• Jascha Heifetz, virtuoso violinist, (1901-1987)

    From David P.@21:1/5 to All on Fri Aug 12 22:55:14 2022
    Heifetz visited much of Europe while still in his teens. In April 1911, he performed in an outdoor concert in St. Petersburg before 25,000 spectators; there was such a reaction that police officers needed to protect the young violinist after the concert.
    In 1914, he performed with the Berlin Philharmonic conducted by Arthur Nikisch. The conductor said he had never heard such an excellent violinist.

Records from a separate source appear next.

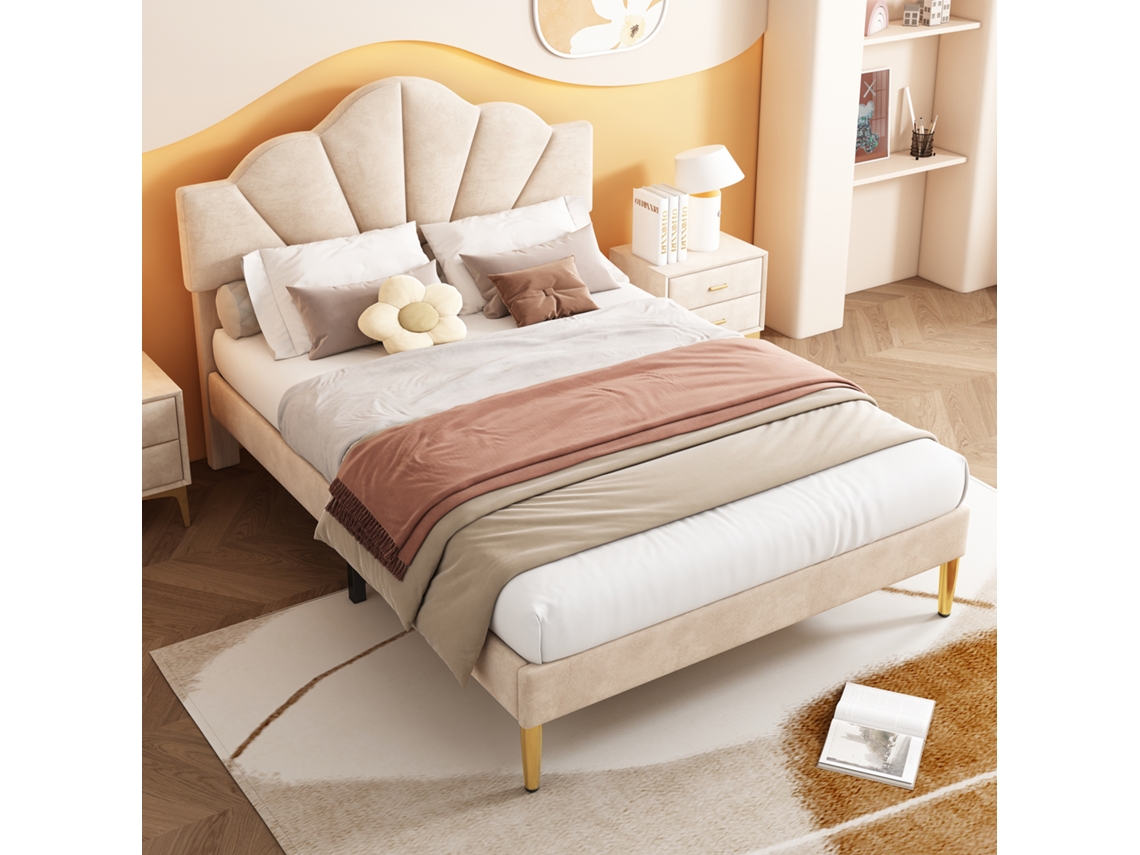 Cama Design 140x200 Veludo Bege Pés Dourado Cabeceira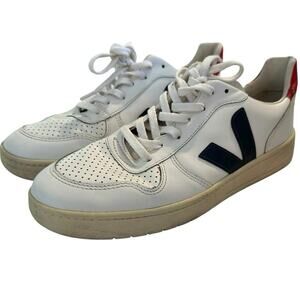 Veja White Sneakers with Navy V Logo and Red Heel Accent Size 10 M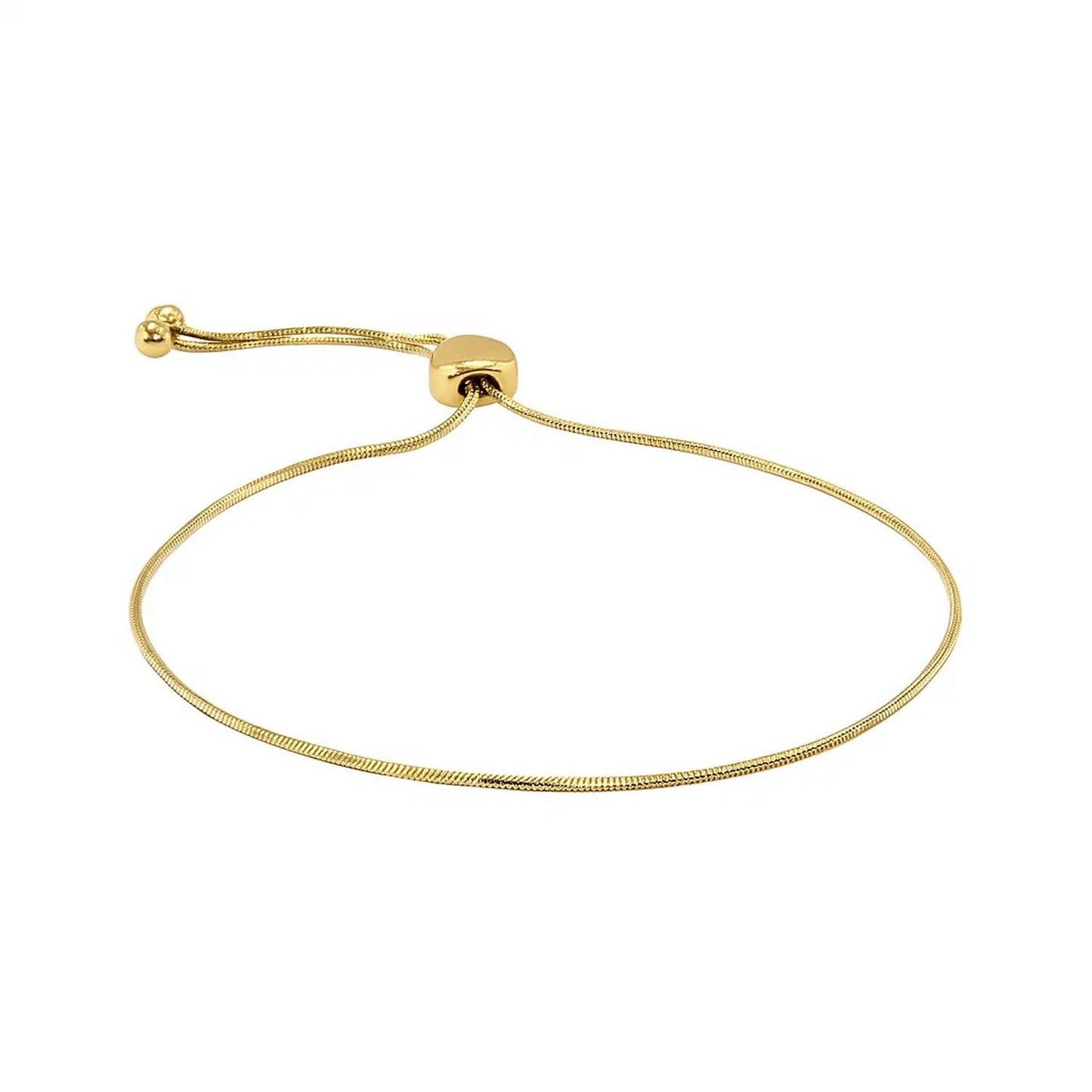 14k Yellow Gold Adjustable Lariat Style Heart Motif Bracelet (1.00 mm)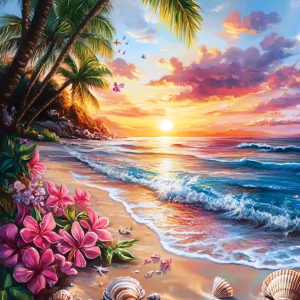 Tablou PM10025, Plaja exotica la apus de soare, Picteaza dupa numere, cu rama de lemn, 40x50 cm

    Heifetz and his family left Russia in 1917, traveling by rail to the Russian far east and then by ship to the US, arriving in San Francisco. On Oct 27, 1917, Heifetz played for the first time in the US, at Carnegie Hall in New York, and became an
    immediate sensation. Fellow violinist Mischa Elman in the audience asked "Do you think it's hot in here?", whereupon the pianist Leopold Godowsky, in the next seat, replied, "Not for pianists."

    In 1917, Heifetz was elected an honorary member of Phi Mu Alpha Sinfonia, the national fraternity for men in music, by the fraternity's Alpha chapter at the New England Conservatory of Music in Boston. At 16, he was perhaps the youngest person ever
    elected to membership in the organization. Heifetz remained in the country and became an American citizen in 1925. A story circulates that tells of an interaction with one of the Marx Brothers: when he told the brother (usually Groucho or Harpo) that he
    had been earning his living as a musician since the age of seven, he received the reply, "Before that, I suppose, you were just a bum."